··· SUPPLIED RECORDS ···

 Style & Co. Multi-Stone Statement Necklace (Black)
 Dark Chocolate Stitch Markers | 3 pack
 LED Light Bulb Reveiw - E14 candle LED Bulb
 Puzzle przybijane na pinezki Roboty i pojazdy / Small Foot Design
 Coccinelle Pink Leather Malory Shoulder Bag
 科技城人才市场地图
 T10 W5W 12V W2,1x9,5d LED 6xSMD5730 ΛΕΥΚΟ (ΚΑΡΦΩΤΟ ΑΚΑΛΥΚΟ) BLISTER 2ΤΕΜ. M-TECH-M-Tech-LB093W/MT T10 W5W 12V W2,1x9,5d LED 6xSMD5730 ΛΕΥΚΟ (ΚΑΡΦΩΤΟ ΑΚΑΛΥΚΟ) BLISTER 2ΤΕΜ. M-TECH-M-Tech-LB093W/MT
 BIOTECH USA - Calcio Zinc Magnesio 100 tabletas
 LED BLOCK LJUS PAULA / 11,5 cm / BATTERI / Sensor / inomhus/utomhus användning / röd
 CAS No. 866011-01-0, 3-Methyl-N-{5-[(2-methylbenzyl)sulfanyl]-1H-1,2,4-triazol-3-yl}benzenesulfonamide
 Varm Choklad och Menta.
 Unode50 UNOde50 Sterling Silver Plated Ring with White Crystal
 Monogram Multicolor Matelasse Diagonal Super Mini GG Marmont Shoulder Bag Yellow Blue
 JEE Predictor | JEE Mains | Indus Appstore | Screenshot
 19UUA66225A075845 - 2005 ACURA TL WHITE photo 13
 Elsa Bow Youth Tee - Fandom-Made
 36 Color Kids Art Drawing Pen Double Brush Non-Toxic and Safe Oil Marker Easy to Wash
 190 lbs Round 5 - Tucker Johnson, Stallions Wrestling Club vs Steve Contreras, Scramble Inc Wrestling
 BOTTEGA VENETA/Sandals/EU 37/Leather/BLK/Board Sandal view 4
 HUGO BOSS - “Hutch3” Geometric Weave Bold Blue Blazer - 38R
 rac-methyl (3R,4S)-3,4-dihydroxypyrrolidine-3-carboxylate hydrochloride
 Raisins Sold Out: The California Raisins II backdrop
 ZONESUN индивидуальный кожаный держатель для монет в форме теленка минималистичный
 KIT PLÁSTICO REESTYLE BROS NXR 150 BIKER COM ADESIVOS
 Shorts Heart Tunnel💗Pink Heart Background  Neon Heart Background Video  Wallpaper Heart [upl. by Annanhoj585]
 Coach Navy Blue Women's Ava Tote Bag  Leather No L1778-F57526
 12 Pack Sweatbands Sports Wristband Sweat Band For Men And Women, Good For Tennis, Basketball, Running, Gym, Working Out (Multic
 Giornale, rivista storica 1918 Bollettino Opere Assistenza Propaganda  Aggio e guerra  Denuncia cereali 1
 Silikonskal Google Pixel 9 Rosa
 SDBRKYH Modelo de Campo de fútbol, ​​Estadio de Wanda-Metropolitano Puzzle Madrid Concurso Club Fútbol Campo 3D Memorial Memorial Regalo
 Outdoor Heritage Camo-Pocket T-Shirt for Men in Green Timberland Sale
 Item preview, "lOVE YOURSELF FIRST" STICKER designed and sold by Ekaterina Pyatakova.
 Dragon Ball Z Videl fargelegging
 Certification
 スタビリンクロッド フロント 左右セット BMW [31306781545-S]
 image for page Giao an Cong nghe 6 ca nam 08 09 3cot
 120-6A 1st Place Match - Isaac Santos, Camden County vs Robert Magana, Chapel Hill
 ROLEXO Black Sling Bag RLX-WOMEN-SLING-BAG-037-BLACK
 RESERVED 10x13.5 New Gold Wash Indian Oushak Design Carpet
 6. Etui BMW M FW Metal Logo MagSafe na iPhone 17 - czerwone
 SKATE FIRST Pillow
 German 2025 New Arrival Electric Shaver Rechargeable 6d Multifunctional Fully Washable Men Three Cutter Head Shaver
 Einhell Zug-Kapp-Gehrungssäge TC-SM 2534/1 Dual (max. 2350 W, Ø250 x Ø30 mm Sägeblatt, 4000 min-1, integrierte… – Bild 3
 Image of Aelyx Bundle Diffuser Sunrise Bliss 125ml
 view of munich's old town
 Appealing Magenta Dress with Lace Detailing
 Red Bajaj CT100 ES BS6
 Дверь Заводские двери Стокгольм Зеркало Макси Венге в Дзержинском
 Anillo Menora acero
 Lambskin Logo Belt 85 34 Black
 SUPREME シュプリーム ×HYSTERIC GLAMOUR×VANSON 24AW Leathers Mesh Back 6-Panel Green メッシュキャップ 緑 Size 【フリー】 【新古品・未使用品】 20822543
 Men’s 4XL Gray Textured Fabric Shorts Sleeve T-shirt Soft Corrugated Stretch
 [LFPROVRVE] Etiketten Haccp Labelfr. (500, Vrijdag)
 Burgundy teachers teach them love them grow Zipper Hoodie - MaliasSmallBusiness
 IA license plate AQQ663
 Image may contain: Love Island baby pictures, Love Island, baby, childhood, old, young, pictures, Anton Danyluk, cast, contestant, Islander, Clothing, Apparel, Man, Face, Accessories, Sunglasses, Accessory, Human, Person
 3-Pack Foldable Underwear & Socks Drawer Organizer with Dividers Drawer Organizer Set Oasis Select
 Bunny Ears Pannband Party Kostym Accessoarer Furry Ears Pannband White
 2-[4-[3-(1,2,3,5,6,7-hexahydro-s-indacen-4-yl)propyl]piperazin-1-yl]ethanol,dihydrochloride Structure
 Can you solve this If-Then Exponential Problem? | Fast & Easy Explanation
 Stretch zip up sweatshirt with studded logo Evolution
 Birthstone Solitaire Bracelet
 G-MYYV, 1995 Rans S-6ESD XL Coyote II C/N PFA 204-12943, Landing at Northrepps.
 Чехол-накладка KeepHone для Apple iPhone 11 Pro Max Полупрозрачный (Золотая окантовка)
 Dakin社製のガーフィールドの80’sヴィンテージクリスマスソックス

···

* [TASK TO COMPLETE]:
Both the line containing "36 Color Kids" and the line containing "Shorts Heart Tunnel💗Pink" belong in the answer. Print them and every line above that falls between them exactly, and no others.

* [EXERCISE RESPONSE]:
 36 Color Kids Art Drawing Pen Double Brush Non-Toxic and Safe Oil Marker Easy to Wash
 190 lbs Round 5 - Tucker Johnson, Stallions Wrestling Club vs Steve Contreras, Scramble Inc Wrestling
 BOTTEGA VENETA/Sandals/EU 37/Leather/BLK/Board Sandal view 4
 HUGO BOSS - “Hutch3” Geometric Weave Bold Blue Blazer - 38R
 rac-methyl (3R,4S)-3,4-dihydroxypyrrolidine-3-carboxylate hydrochloride
 Raisins Sold Out: The California Raisins II backdrop
 ZONESUN индивидуальный кожаный держатель для монет в форме теленка минималистичный
 KIT PLÁSTICO REESTYLE BROS NXR 150 BIKER COM ADESIVOS
 Shorts Heart Tunnel💗Pink Heart Background  Neon Heart Background Video  Wallpaper Heart [upl. by Annanhoj585]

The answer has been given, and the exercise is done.